Bahasa adalah suatu alat pada manusia sebagai sarana mengungkapkan tanggapannya terhadap keadaan dan fenomena yang ada di sekelilingnya. Secara individu maupun kolektif. Dalam pernyataan tersebut, maka kita akan mencoba mengungkapkan bagaimana bangsa-bangsa pada masa lampau menyatakan tanggapannya terhadap fenomena atau keadaan di negara sekitarnya. Atau secara mudah adalah bagaimana orang atau masyarakat dahalu menilai orang atau masyarakat sekitarnya yang terdapat dalam bahasa yang mereka miliki.
Gorys Keraf mengungkapkan Perbandingan Bahasa adalah bagian dari Ilmu Bahasa yang menggeluti perubahan bahasa dan unsur-unsur pendukungnya dalam kurun waktu tertentu.
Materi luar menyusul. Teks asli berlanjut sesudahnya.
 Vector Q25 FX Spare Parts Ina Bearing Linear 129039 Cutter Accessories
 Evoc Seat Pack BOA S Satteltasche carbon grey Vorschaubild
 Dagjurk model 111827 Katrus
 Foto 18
Data yang dihasilkan merupakan pijakan awal untuk dianalisi lebih lanjut sehingga muncul kaidah-kaidah perubahan yang terjadi pada bahasa yang diperbandingkan dalam waktu tersebut.
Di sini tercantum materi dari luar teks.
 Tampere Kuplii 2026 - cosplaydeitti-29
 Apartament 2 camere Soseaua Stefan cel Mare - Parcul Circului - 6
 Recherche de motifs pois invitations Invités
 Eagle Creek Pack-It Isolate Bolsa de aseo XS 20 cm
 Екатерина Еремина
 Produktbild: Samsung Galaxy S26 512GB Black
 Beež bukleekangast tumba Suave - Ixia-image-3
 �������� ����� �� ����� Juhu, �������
Berdasarkan namanya, Ilmu Perbandingan Bahasa. Maka cabang linguistik ini mengumpulkan data, menganalisa dan menggeneralisasikan bahasa-bahasa masa lalu (mulai prasejarah) yang notabene belum ada bahasa yang terdokumentasi dalam ragam tulis. Namun untuk menggagapi bahasa masa itu tentunya dilalui lewat naskah-naskah dan catatan-catatan dewasa ini. Dari sana para ahli mampu menafsirkan replika bahasa masa prasejarah tersebut.
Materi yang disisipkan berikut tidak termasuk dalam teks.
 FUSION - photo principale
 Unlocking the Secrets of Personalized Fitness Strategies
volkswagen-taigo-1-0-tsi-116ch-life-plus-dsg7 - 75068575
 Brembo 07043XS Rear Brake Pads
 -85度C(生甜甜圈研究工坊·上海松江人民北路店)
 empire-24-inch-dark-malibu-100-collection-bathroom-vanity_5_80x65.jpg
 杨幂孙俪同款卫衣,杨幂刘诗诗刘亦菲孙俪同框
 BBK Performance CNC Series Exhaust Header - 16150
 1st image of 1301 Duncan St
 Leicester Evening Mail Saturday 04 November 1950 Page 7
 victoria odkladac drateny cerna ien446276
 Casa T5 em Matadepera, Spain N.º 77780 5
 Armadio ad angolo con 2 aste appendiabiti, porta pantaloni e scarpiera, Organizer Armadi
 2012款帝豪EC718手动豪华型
Hal ini juga berkaitan dengan keadaan geografis dialek atau medan bahasa tersebut. Anggapan bahwa semakin dekat geografis suatu daerah memungkinkan kedekatan hubungan suatu budaya dan bahasa masyarakatnya. Hal ini sejalan dengan adanya perbedaan latar belakang sejarah, ekonomi, geografi, sosial yang terjadi di masyakat yang membuat bahasa di dunia ini semakin beranekaragam. Keanekaragaman bahasa ini akan menjadi sebuah kajian ahli bahasa dan muncul suatu kajian tentang ilmu perbandingan bahasa.

Tujuan Perbandingan Bahasa.
Dalam bukunya –Linguistik Bandingan Historis-, mengungkapkan bahwa tujuan dan kepentingan Perbandingan Bahasa diantaranya adalah:
a. Mempersoalkan bahasa-bahasa serumpun dengan mengadakan perbandingan mengenai unsur-unsur yang menunjukkan kekerabatannya.
b. Mengadakan rekonstruksi bahasa-bahasa yang ada dewasa ini pada bahasa-bahasa terdahulu.
Berdasar tujuan Perbandingan Bahasa Gorys Keraf di atas, maka tujuan perbandingan dialek dalam makalah ini adalah:
a. Membandingkan bahasa-bahasa produksi dua dialek tersebut.
b. Menunjukkan perbedaan-perbedaan dalam kosa kata yang ada dan berusaha menjelaskan menggunakan kaidah yang ada.
c. Menunjukkan persamaan di dalamnya.
Tentang dialek yang diperbandingkan.
Ilmu Bahasa yang mempelajari variasi-variasi bahasa yang terproduksi di masyarakat adalah Dialektologi (Keraf, 1996: 143). Namun dialektologi masih dapat dibedakan menjadi dua konsentrasi yaitu Geografi Dialek dan Sosiolinguistik. Sosiolinguistik mempelajari variasi-variasi bahasa menurut pola-pola kemasyarakatan. Namun dalam makalah ini konsentrasi kajiannya adalah geografi dialek, yaitu mempelajari variasi-variasi bahasa berdasarkan perbedaan lokal dalam wilayah bahasa.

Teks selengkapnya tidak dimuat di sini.